A PR person will be able to measure their success by the nature of social media engagement from both the target audience of the brand as well as influencers and other industry professionals. If the press treats the brand well, and if events include awards and speeches from company figures that are well-received, a PR person will know they did their job well.
Marketers are interested in highlighting the products and services that their company offers. They rely on advertising and market research to ensure that they are effectively promoting what their organization has to offer, which in turn generates leads.
In relation to the most important aspects of a marketing department’s direction the business experts at Arizona State University note, “Having a solid foundation in business principles and the ability to work well with others, multi-task, solve problems and effectively communicate can come together to help make an effective marketing director.”
Marketers create the advertising campaigns that ultimately sell products. They purchase the advertisements a company relies upon for conversions, and they write the material that is distributed to support products, like newsletters and online landing pages.
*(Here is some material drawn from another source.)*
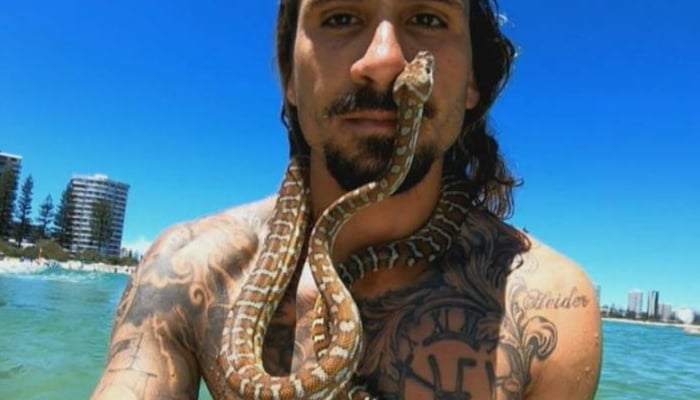 An image of Higor Fiuza and his python, Shiva — Instagram/Files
A marketer knows they were successful at their job if sales goals are met or are exceeded. They analyze the profitability ratios in financial statements to compare what they spent promoting a profit compared to the revenue that product generates. And they will also look at how well-received their efforts were on social media platforms and by other industry leaders and influencers.
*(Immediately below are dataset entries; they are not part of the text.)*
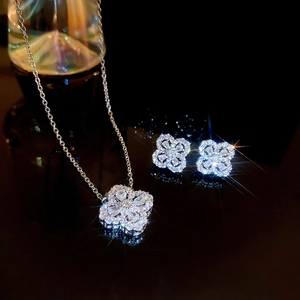 Macro view of silver clover jewelry set with sparkling crystals and starburst lighting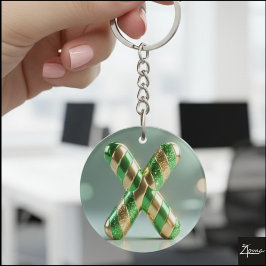 Llavero Doble X de letra brillante verde dorada con brillo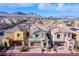 Charming two-story home with a well-manicured front yard, showcasing a welcoming entrance and appealing curb appeal at 11242 Almador Vista Ct, Las Vegas, NV 89135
The aforementioned analysis will, hopefully, clear up any confusion about how the two departments operate differently. However, it should also clarify why they become muddled. Marketers and PR professionals will often use the same channels, with similar content, to achieve their goals.
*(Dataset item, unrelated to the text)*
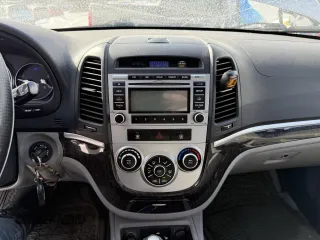 2009 Hyundai Santa Fe GL with VIN 5NMSG73E59H293640, listed as a Copart auction lot 52314035 with 157,367 mi miles and Salvage title. Bid and sale history available at DreamBid. Image 8.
A marketer will demonstrate why the target audience needs what the company offers. A PR person will create the brand trust and awareness that will communicate to customers why they should pick your organization to have the need met. Thus, a strategic approach to PR is one of the best ways to secure lead generation.
When Merging The Departments Makes Sense
You need both, because they target different, important, goals that a company must do well to do well in an ultimate, bottom line sense. However, there is a trend to mesh the two fields into one, wherein a department has all of the aforementioned in the crosshairs.
The public relations experts at George Washington University point out that organizations are increasingly joining the two efforts for both financial and cultural reasons.
They write, “By merging PR and marketing, many organizations are hoping to apply a common system of metrics to the two and, as a result, align PR more closely with revenue generation.” Additionally, “Greater attention to analytics spurs a culture of collaboration, further enhancing the use of marketing and PR data as part of a virtuous cycle.”
What this means is professionals often don’t see clear-cut differences between PR and marketing, because there are driving forces both in terms of the numbers and cultural climate within industries to create a cohesive PR and marketing effort where the lines are indistinct. You cannot do one well, without also doing the other well.
Ultimately, merging these two departments can be strategic as long as your organization is able to accomplish all of the things that the two, distinct departments were responsible for. You have to see how each entity contributes to the whole so that if you merge them you do so without fear that something will slip through the cracks.